In Jerusalem wuchs schon seit Tagen der Zorn. Die Frustration in der arabischen Bevölkerung hat mehr als einen Grund: die erneute Absage der palästinensischen Wahlen und das harte Durchgreifen der israelischen Polizei während des Ramadan. Dazu kamen Provokationen von Siedlern und die bevorstehenden Zwangsräumungen von Häusern in Ost-Jerusalem, in denen palästinensische Familien wohnen. Die radikalislamische Hamas schürte die Wut.

Viele Palästinenser hoffen immer noch, dass der Ostteil Jerusalems einmal Hauptstadt ihres eigenen Staates wird. Das ist inzwischen ein ferner Traum. Doch ohne eine Lösung für Jerusalem ist kein Frieden im Nahen Osten möglich.

Israel hat von arabischer Seite überraschende Anerkennung erfahren. Verhandlungen mit den Palästinensern kamen nicht zustande, weil sie sich die Bedingungen dafür nicht vorschreiben lassen wollten. Doch die Konfliktparteien müssen miteinander reden.

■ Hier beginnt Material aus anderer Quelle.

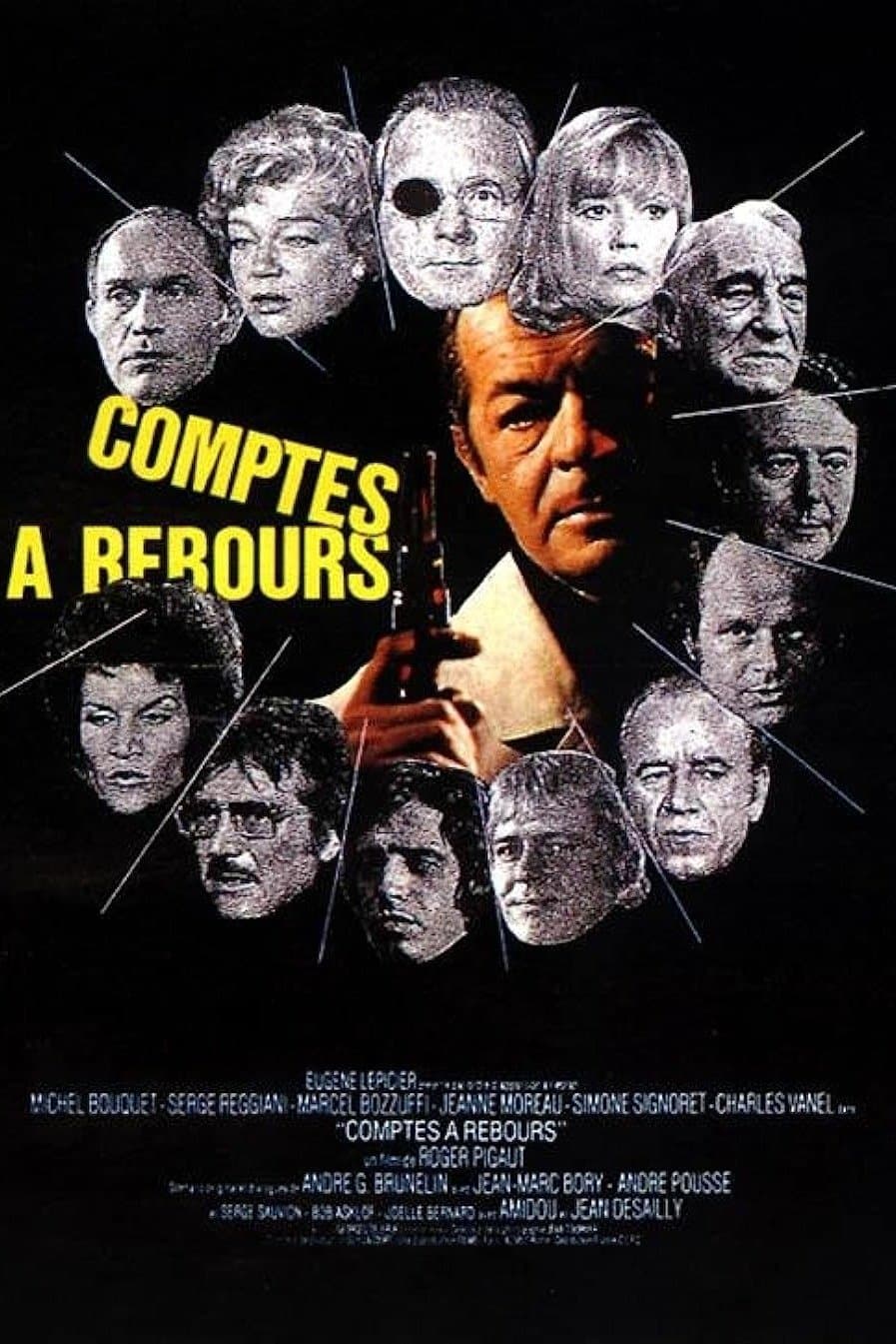 Poster Countdown to Vengeance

Jetzt wäre es ein Fehler, sich auf das zynische Spiel der militanten Islamisten einzulassen, denen es darum geht, mit ihrem Terror gegen Israel im innerpalästinensischen Machtkampf zu punkten. Deeskalation ist das Gebot der Stunde. Nach Donald Trump sind in den USA die Stimmen der Vernunft wieder vernehmbar. US-Präsident Joe Biden kann sich nun in der Region als ehrlicher Makler beweisen. Die Zeit dafür ist günstig: Die Europäer und die Vereinten Nationen warten nur darauf, mit dem Demokraten im Weißen Haus wieder an einem Strang zu ziehen.